Pendant deux heures, Mayhem offre un panorama de son histoire trouble, musicale et personnelle. On commence avec des titres relativement récents, l'occasion pour le groupe de jouer MILAB ou de remonter vingt ans en arrière pour nous sortir Chimera du placard, deux morceaux assez rares. C'est dans sa seconde partie cependant que le concert atteint son paroxysme, quand le groupe se replonge dans son premier album avec Freezing Moon, De Mysteriis Dom Sathanas ou encore Funeral Fog (Attila cédant alors sa place à un enregistrement de Dead). Circle pit, slam : l'ambiance s'intensifie et n'est pas celle du concert de black typique. Sur un écran, le groupe projette des photos et autres archives. On y croise des visages familiers et, sans fausse pudeur ni révisionnisme, Mayhem assume son histoire et ses origines faites de suicide et de meurtre alors que défilent les visages d'Euronymous, Dead et Vikernes, entre hommage et préservation du folklore. Comme le veut la tradition, le concert s'achève en "bouclant la boucle" avec l'EP Deathcrush, première sortie officielle du groupe et joué presque en intégralité, l'intro de Conrad Schnitzler, passé notamment par Tangerine Dreams offrant alors une respiration bienvenue avant cette dernière tempête infernale.

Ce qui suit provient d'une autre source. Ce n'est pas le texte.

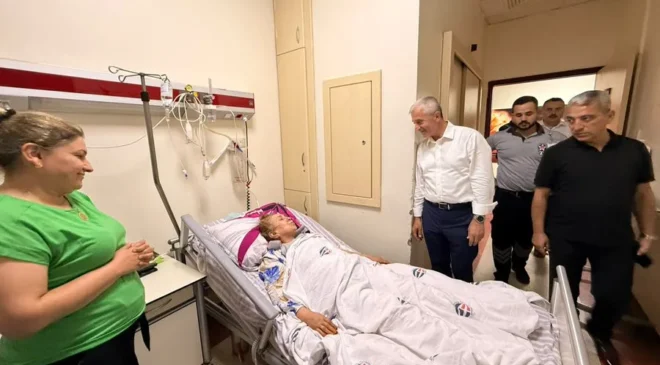 Başkan Tahmazoğlu’ndan hastalara moral, sağlık çalışanlarına destek ziyareti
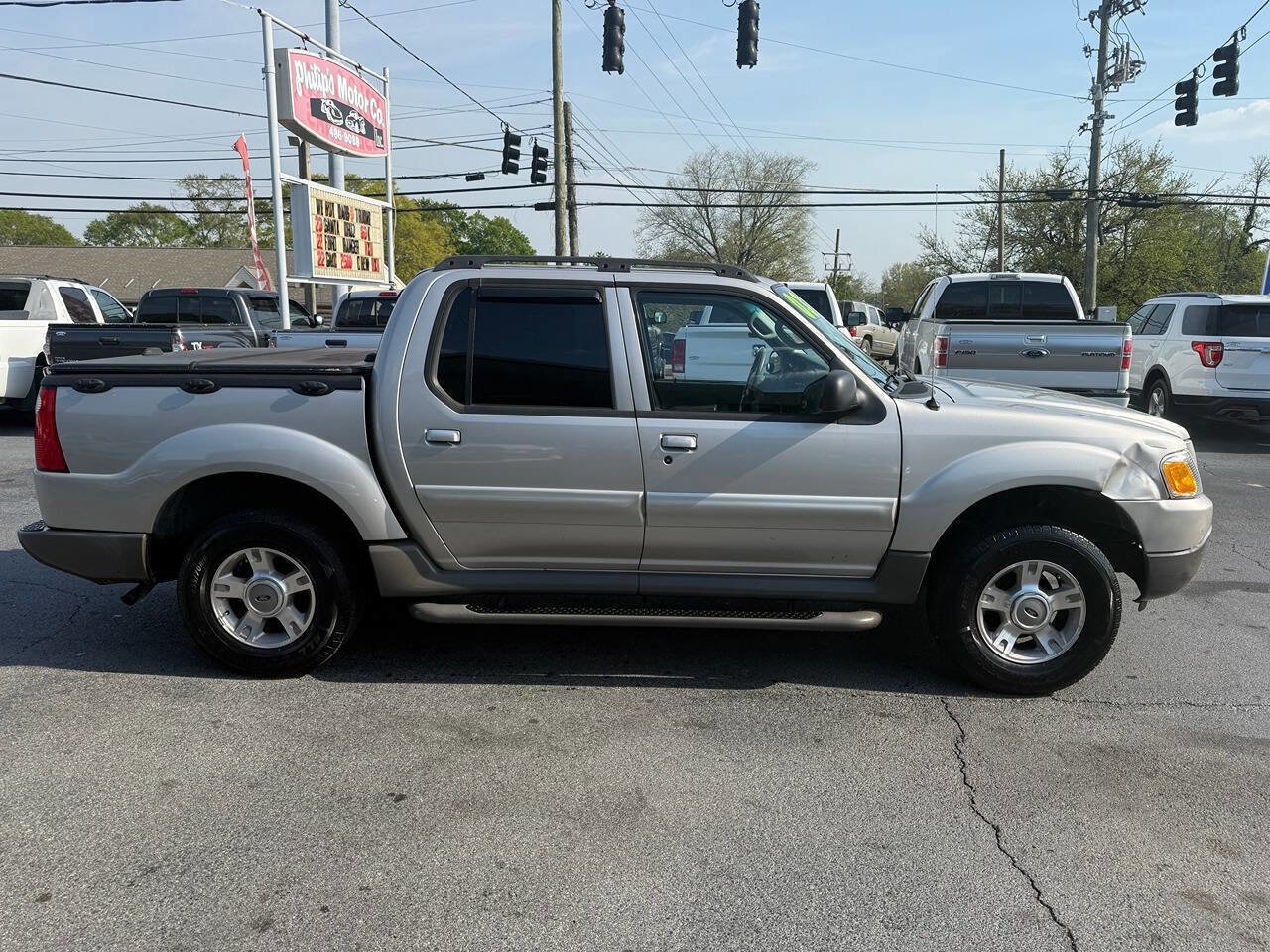 Used 2003 Ford Explorer Sport Trac XLT RWD image 3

Mayhem ne s'est pas moqué de son public. Avec un show généreux, long et relativement exhaustif, le groupe norvégien a offert un large panorama de son histoire à son public. L'occasion était donc idéale pour en apprécier les richesses... mais aussi de constater à quel point la folie des racines uniques et malades du projet continuent de nourrir nos cauchemars tant leur son révolutionnaire à l'époque reste unique aujourd'hui.